Concerning the main Item table, if you expect just two different values for the kind of procurement, then I would use a char(1) column (varying from B => bougth, I => inherited).
I would looks like this:
The data would then look like this:
TABLE Items
+-------+-------+--------------------+
| ID | Mass | ProcurementMethod |
|-------+-------+--------------------+
| 0 | 2 | I |
+-------+-------+--------------------+
| 1 | 13 | B |
+-------+-------+--------------------+
| 2 | 5 | B |
+-------+-------+--------------------+
TABLE ItemProcurement
+--------+-------------+------------+
| ItemID | CurrencyID | Amount |
|--------+-------------+------------+
| 1 | 840 | 47.20 |
+--------+-------------+------------+
| 2 | 826 | 3.10 |
+--------+-------------+------------+
TABLE Currencies
+------------+---------+-----------------+
| CurrencyID | ISOCode | Description |
|------------+---------+-----------------+
| 840 | USD | US dollars |
+------------+---------+-----------------+
| 826 | GBP | British Pounds |
+------------+---------+-----------------+
Not only Amount, everything is dependent on ItemID, as this seems to be a candidate key.
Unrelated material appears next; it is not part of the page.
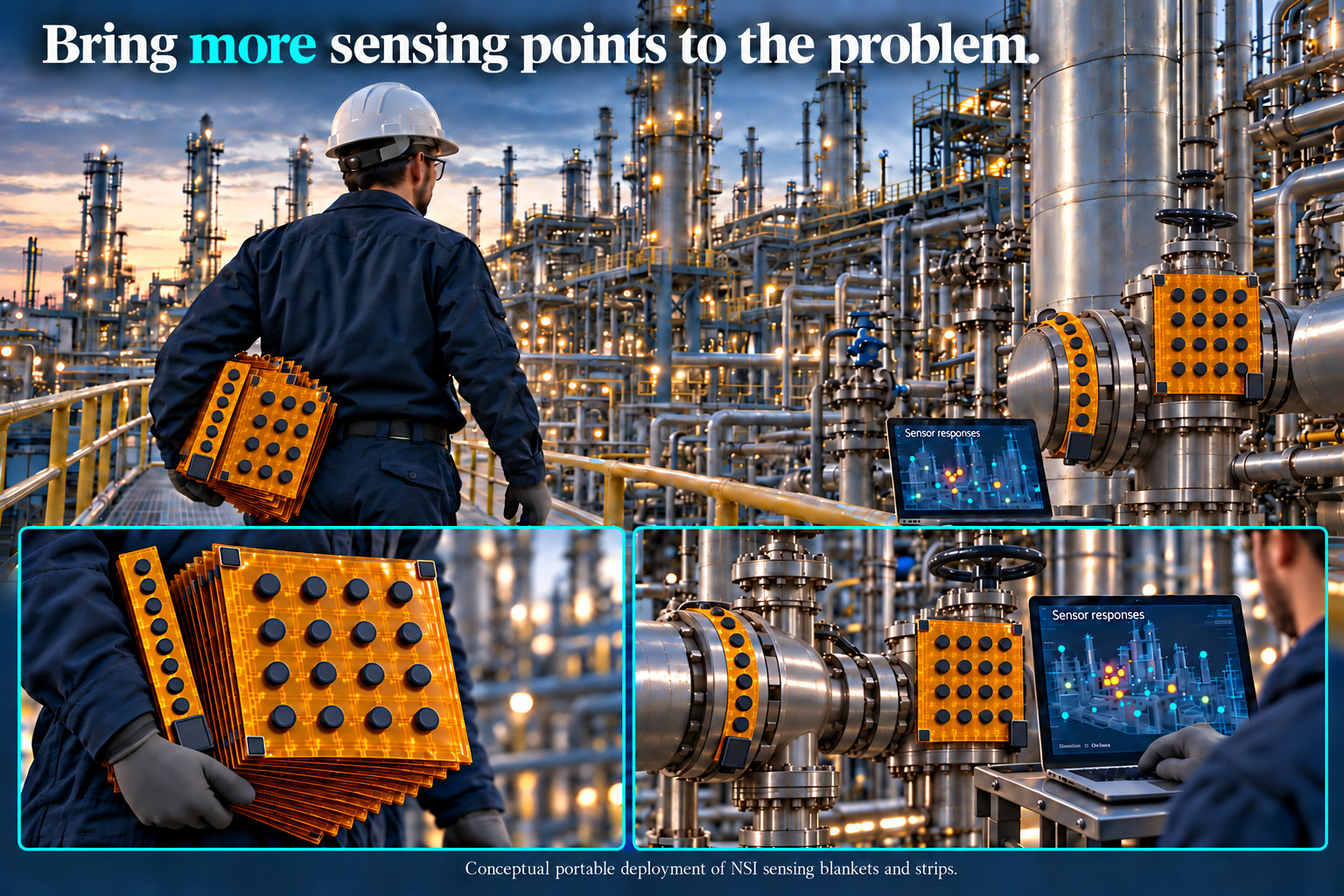 Conceptual portable deployment: a technician carries a stack of compact amber Kapton sensing blankets into a large industrial facility, with a laptop showing spatial sensor responses. Close-ups show a 4 by 4 blanket matrix, carried strips and removable attachment near valves and flange joints.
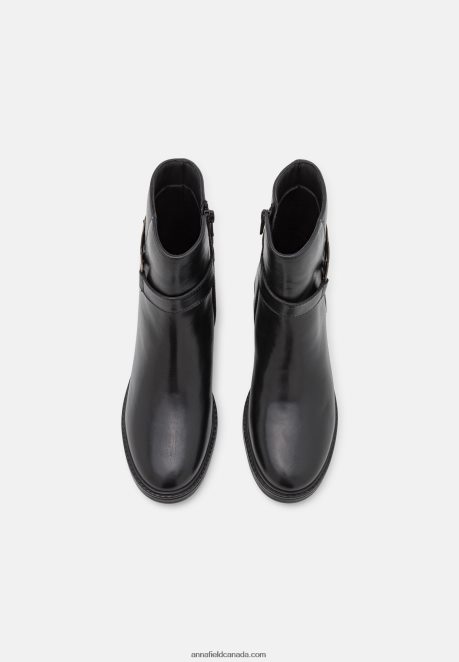 Anna Field Women Leather Classic Ankle Boots Black H42J4Z1963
The dependence you have is that Currency and Amount are NULL (I guess this means Unknown/Invalid) when the Procurement is 'inherited' (or 0 cost as pointed by #XIVsolutions and as you mention "inherited items have no monetary cost")
In other words, iems are divided into two types (of procurements) and items of one of the two types do not have all attributes.
This can be solved with a supertype/subtype split. You have a supertype table (Item) and two subtype tables (ItemBought and ItemInherited), where each one of them has a 1::0..1 relationship with the supertype table. The attributes common to all items will be in the supertype table and every other attribute in the respecting subtype table:
Item
----------------------------
ItemID Mass Procurement
0 2kg inherited
1 13kg bought
2 5kg bought
3 11kg inherited
4 9kg bought
ItemBought
---------------------------------
ItemID Currency Amount
1 US dollars 47.20
2 British Pounds 3.10
4 US dollars 1.32
ItemInherited
-------------
ItemID
0
3
If there is no attribute that only inherited items have, you even skip the ItemInherited table altogether.
For other questions relating to this pattern, look up the tag: Class-Table-Inheritance. While you're at it, look up Shared-Primary-Key as well. For a more concpetual treatment, google on "ER Specialization".
Here is my off-the-cuff suggestion:
UPDATE: Mass would be a Float/Decimal/Double depending upon your Db, Cost would be whatever the optimal type is for handling money (in SQL Server 2008, it is "Money" but these things vary).
ANOTHER UPDATE: The cost of an inherited item should be zero, not null (and in fact, there sometime IS an indirect cost, in the form of taxes, but I digress . . .). Therefore, your Item Table should require a value for cost, even if that cost is zero. It should not be null.
Let me know if you have questions . . .
Why do you need to normalise it?
I can see some data integrity challenges, but no obvious structural problems.
The implicit dependency between "procurement" and the presence or not of the value/currency is tricky, but has nothing to do with the keys and so is not a big deal, practically.
If we are to be purists (e.g. this is for homework purposes), then we are dealing with two types of item, inherited items and bought items. Since they are not the same type of thing, they should be modelled as two separate entities i.e. InheritedItem and BoughtItem, with only the columns they need.
In order to get a combined view of all items (e.g. to get a total weight), you would use a view, or a UNION sql query.
If we are looking to object model in the database, then we can factor out the common supertype (Item), and model the subtypes (InheritedItem, BoughtItem) with foreign-keys to the supertype table (ypercube explanation below is very good), but this is very complicated and less future-proof than only modelling the subtypes.
This last point is the subject of much argument, but practically, in my experience, modelling concrete supertypes in the database leads to more pain later than leaving them abstract. Okay, that's probably waaay beyond what you wanted :).